Data records:
+===+
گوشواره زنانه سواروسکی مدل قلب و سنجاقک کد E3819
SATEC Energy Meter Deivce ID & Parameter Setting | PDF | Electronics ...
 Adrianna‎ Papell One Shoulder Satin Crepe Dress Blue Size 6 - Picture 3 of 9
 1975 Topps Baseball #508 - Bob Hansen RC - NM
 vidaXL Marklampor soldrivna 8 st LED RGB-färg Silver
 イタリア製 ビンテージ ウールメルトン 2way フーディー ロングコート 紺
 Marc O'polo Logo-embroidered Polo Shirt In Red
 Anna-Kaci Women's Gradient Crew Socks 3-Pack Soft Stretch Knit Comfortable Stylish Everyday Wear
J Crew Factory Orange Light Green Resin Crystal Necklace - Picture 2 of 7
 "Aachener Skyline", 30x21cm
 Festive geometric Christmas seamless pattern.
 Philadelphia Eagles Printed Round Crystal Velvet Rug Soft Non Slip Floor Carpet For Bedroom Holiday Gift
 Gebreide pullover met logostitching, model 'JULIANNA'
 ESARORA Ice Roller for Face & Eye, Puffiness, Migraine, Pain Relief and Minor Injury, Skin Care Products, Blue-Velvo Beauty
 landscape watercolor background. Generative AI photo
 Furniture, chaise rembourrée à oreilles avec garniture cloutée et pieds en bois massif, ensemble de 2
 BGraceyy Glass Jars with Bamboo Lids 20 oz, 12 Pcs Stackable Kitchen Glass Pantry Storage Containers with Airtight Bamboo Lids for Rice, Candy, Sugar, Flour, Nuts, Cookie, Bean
+===+
## PROBLEM TO WORK ON
Using the data above, restate word for word the lines from its opening line through the line that contains "landscape watercolor background.", and no more.

## TASK RESULT
گوشواره زنانه سواروسکی مدل قلب و سنجاقک کد E3819
SATEC Energy Meter Deivce ID & Parameter Setting | PDF | Electronics ...
 Adrianna‎ Papell One Shoulder Satin Crepe Dress Blue Size 6 - Picture 3 of 9
 1975 Topps Baseball #508 - Bob Hansen RC - NM
 vidaXL Marklampor soldrivna 8 st LED RGB-färg Silver
 イタリア製 ビンテージ ウールメルトン 2way フーディー ロングコート 紺
 Marc O'polo Logo-embroidered Polo Shirt In Red
 Anna-Kaci Women's Gradient Crew Socks 3-Pack Soft Stretch Knit Comfortable Stylish Everyday Wear
J Crew Factory Orange Light Green Resin Crystal Necklace - Picture 2 of 7
 "Aachener Skyline", 30x21cm
 Festive geometric Christmas seamless pattern.
 Philadelphia Eagles Printed Round Crystal Velvet Rug Soft Non Slip Floor Carpet For Bedroom Holiday Gift
 Gebreide pullover met logostitching, model 'JULIANNA'
 ESARORA Ice Roller for Face & Eye, Puffiness, Migraine, Pain Relief and Minor Injury, Skin Care Products, Blue-Velvo Beauty
 landscape watercolor background. Generative AI photo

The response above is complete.